*** Opening Dataset entries ***
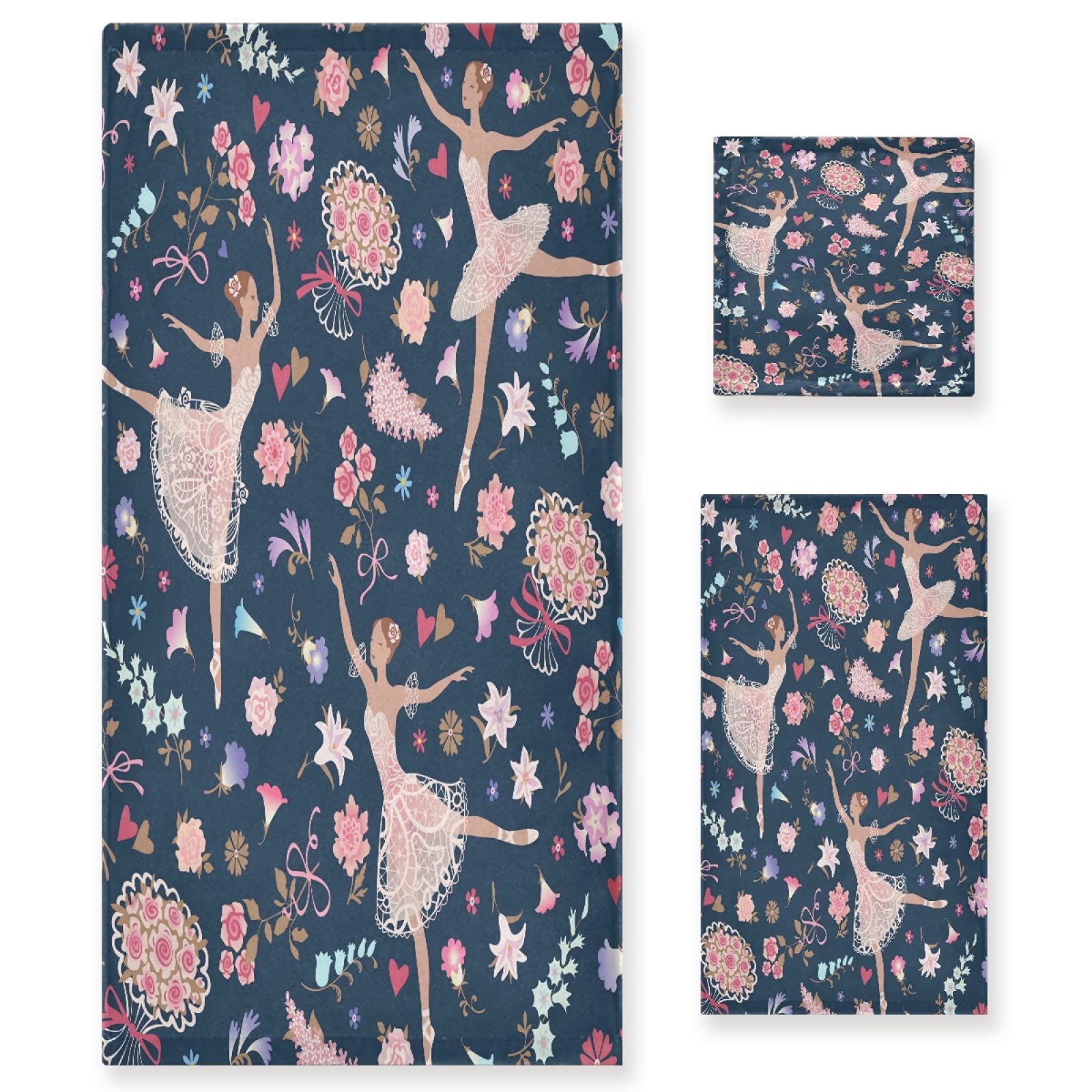Mnsruu Juego de toallas de baño de 3 piezas con estampado floral de bailarina para baño, spa, hotel, 1 toalla de baño+1 toalla de mano+1 paño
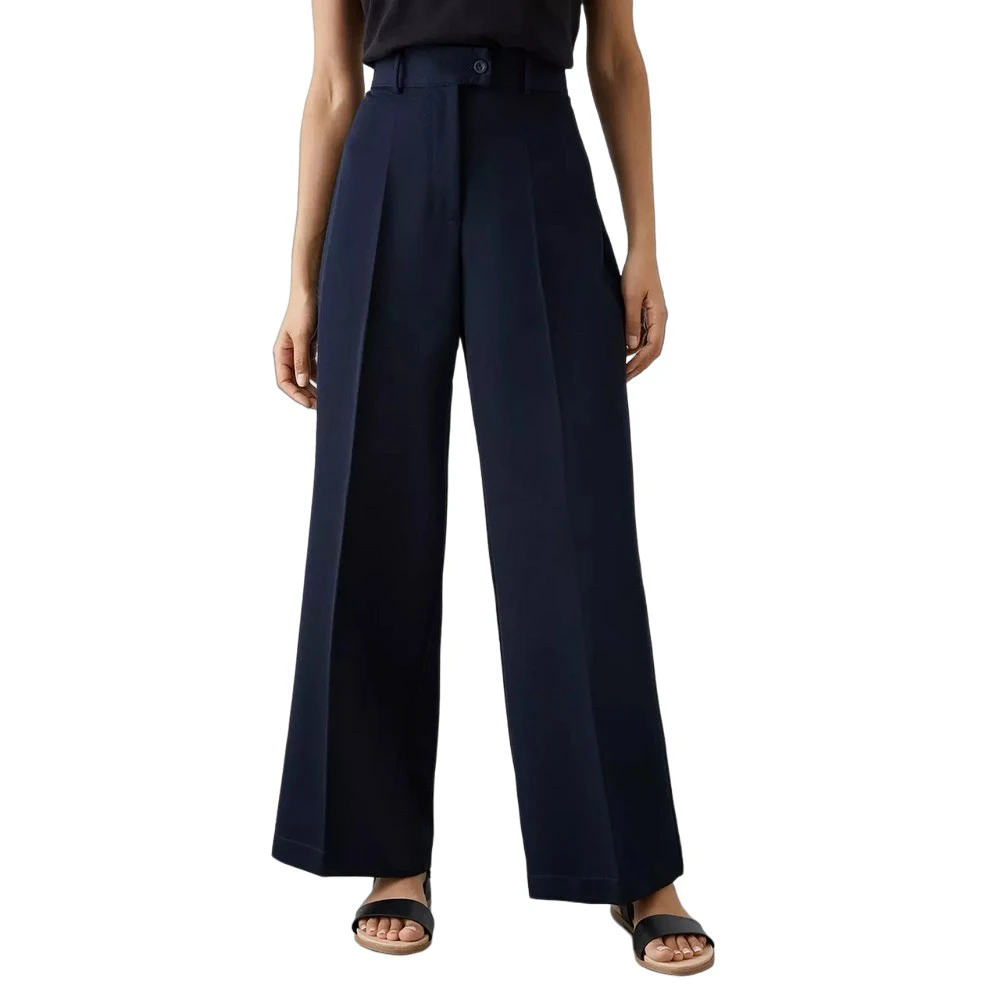 Dorothy Perkins Womens High Waist Petite Wide Leg Trousers (Navy) - DP3480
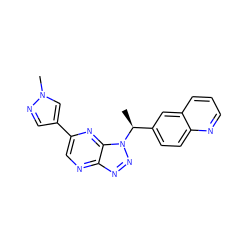 C[C@@H](c1ccc2ncccc2c1)n1nnc2ncc(-c3cnn(C)c3)nc21 ZINC000096284622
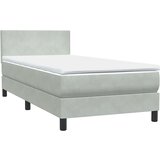 Box Spring krevet s madracem i LED svijetlo sivi 80x210 cm baršun | shoptok.hr
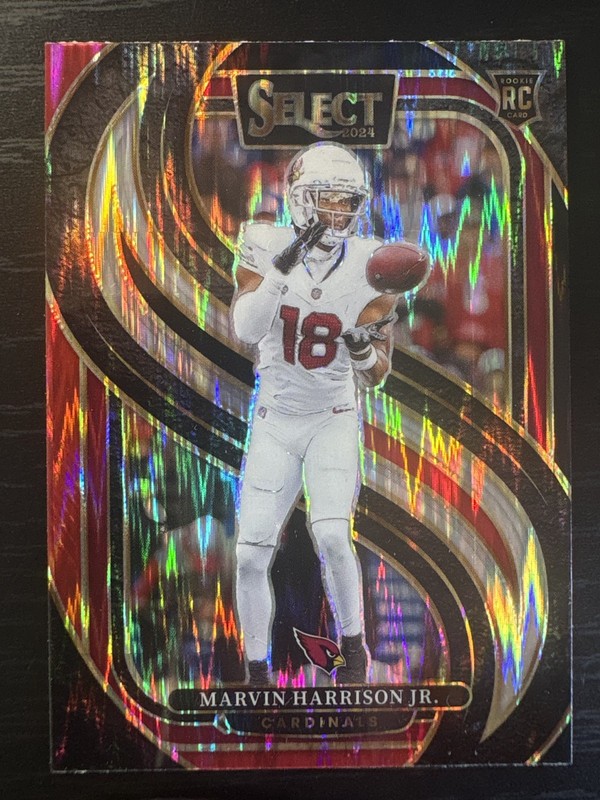 2024 Panini Select Marvin Harrison Jr. Red Black Shock Prizm (RC) Color Match view 1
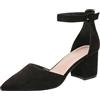 BIKETAFUWY Stiletto da donna in pelle, sandali da donna a punta appuntita, scarpe tacco a blocco, spessi, con fibbia laterale, schiena aperta, taglio basso, elegante, per ufficio, sera, cerimonia, 01 Nero, 39 EU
*** Closing Dataset entries ***
### Description of the task
Restate verbatim the lines that begin at the one holding "2024 Panini Select" and end at the last line of the material. Exclude pictures.

### Solved problem
 2024 Panini Select Marvin Harrison Jr. Red Black Shock Prizm (RC) Color Match view 1
 BIKETAFUWY Stiletto da donna in pelle, sandali da donna a punta appuntita, scarpe tacco a blocco, spessi, con fibbia laterale, schiena aperta, taglio basso, elegante, per ufficio, sera, cerimonia, 01 Nero, 39 EU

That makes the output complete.